Si a finales de los años 50 los jóvenes cineastas de la Nueva Ola francesa (Godard, Truffaut, Varda) marcaban sus distancias con el cine académico de la generación anterior (Marcel Carné, Autant Lara), en Japón el director de Una ciudad de amor y esperanza (1959) –título irónico por describir la cinta todo lo contrario– hacía tabla rasa del cine de la posguerra y de las obras hoy clásicas de Mizoguchi,Ozu, Naruse y Kurosawa. Lo suyo era a su vez una crónica de esos años y de los estragos que el conflicto bélico había producido en su generación, pero la visión era más desencantada y su acento en el sexo y la violencia, en el desarraigo juvenil y la búsqueda a menudo estéril de asideros espirituales, tenía un acento inquietante o molesto para quienes deseaban afianzar una industria fílmica recelosa de la influencia occidental y atenta a la recuperación de una sólida identidad nacional, cuyo epicentro era necesariamente la familia.

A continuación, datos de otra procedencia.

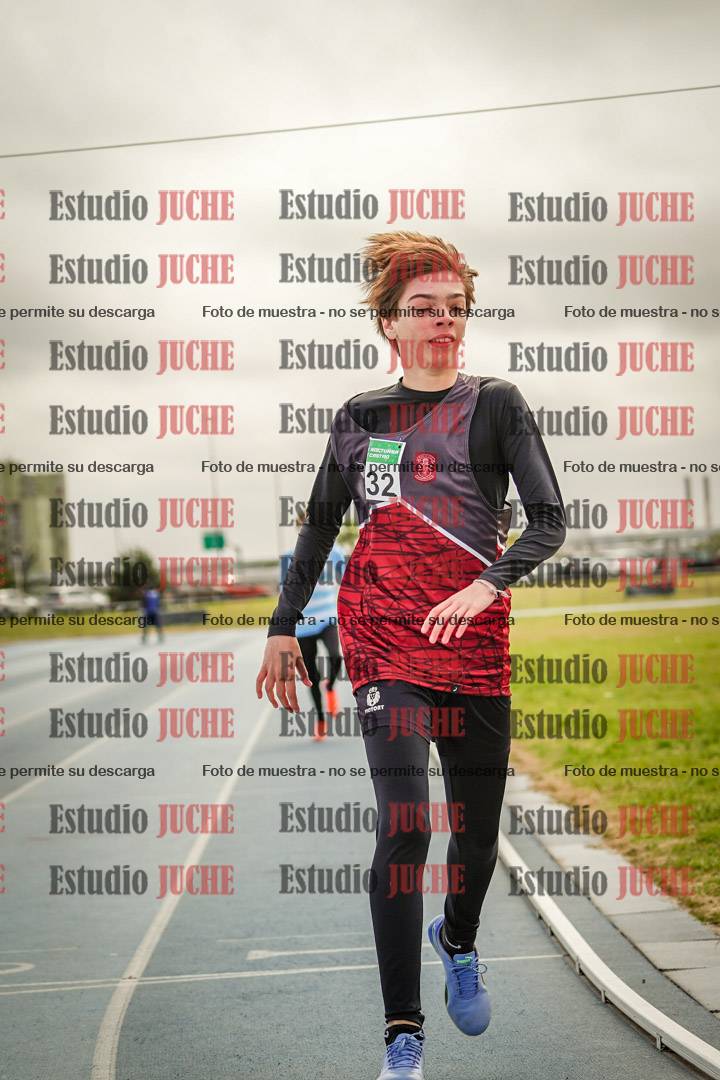 Fotos de los 600 m llanos de varones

En Muerto por ahorcamiento (Koshikei, 1968), por ejemplo, Oshima sitúa el origen de una conducta criminal en la realidad de una familia disfuncional, con un padre alcohólico y una madre impotente, y en la sociedad que condena los mismos delitos que su doble moral propicia al legitimar la violencia de la guerra, la xenofobia y el racismo. O la pena de muerte (Si es malo matar, es malo también que a mí me maten
, razona el hombre condenado a la pena máxima). Este tipo de cuestionamientos los hace el director desde sus primeras cintas, cuando describe los arrabales portuarios y sus pandillas juveniles, sus horizontes de desesperanza y sus amoríos contrariados por la fatalidad (El entierro del Sol, Cruel historia de juventud, ambas cintas de 1960).

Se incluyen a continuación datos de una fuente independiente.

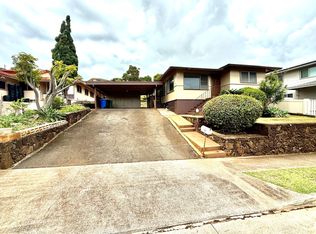 1176 Ala Hinano Pl, Honolulu, HI 96818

A esto añade anotaciones políticas muy lúcidas que cuestionan, de modo precursor, las contradicciones del optimismo burgués, pero también, y con filo más acerado, las inercias del dogma revolucionario (El muchachito, 1969; Noche y niebla en Japón, 1960). Oshima se revela asimismo observador mordaz de las políticas discriminatorias que el gobierno japonés dirige contra sus vecinos coreanos, y mediante la comedia y el documental explora y satiriza las paranoias de la mentalidad racista (Tres borrachos resucitados, 1968; El diario de Yunbogui, 1965). Pero tal vez el enfoque más novedoso lo ofrece al abordar el tema de la sexualidad, no como intensa alegoría poética, como en el cine de Mizoguchi, sino como algo más perturbador todavía, la irrupción de pulsiones eróticas en una sociedad tradicional, plagada de rituales, donde la violencia potencia y desequilibra a la sexualidad, volviéndola subversión del orden establecido. Esta incisiva exploración del erotismo y el poder, que muchos espectadores recuerdan en las últimas cintas de Oshima (El imperio de los sentidos, 1976; El imperio de la pasión, 1978; Furyo, 1982; Max, mi amor, 1986; Tabú, 2000), tiene notables antecedentes en Los placeres de la carne, 1965; Tratado de canciones obscenas japonesas, 1967; Diario de un ladrón de Shinjuku, 1969). Sin embargo, la cinta que mejor resume las obsesiones temáticas del realizador es su obra maestra, La ceremonia (Gishiki, 1971), portentoso retrato de una familia japonesa, disfuncional y austera, endogámica e incestuosa, castrante e involuntariamente liberadora, contemplada a través de sus ritos (bodas y funerales) y los efectos que produce en uno de sus miembros, el joven manchuriano que al contacto de un primo cómplice y su abuelo autoritario, y del objeto de sus primeros deseos eróticos, la joven Ritsuko, se forja una educación sentimental, tan contradictoria y violenta como el país mismo que es su nueva residencia.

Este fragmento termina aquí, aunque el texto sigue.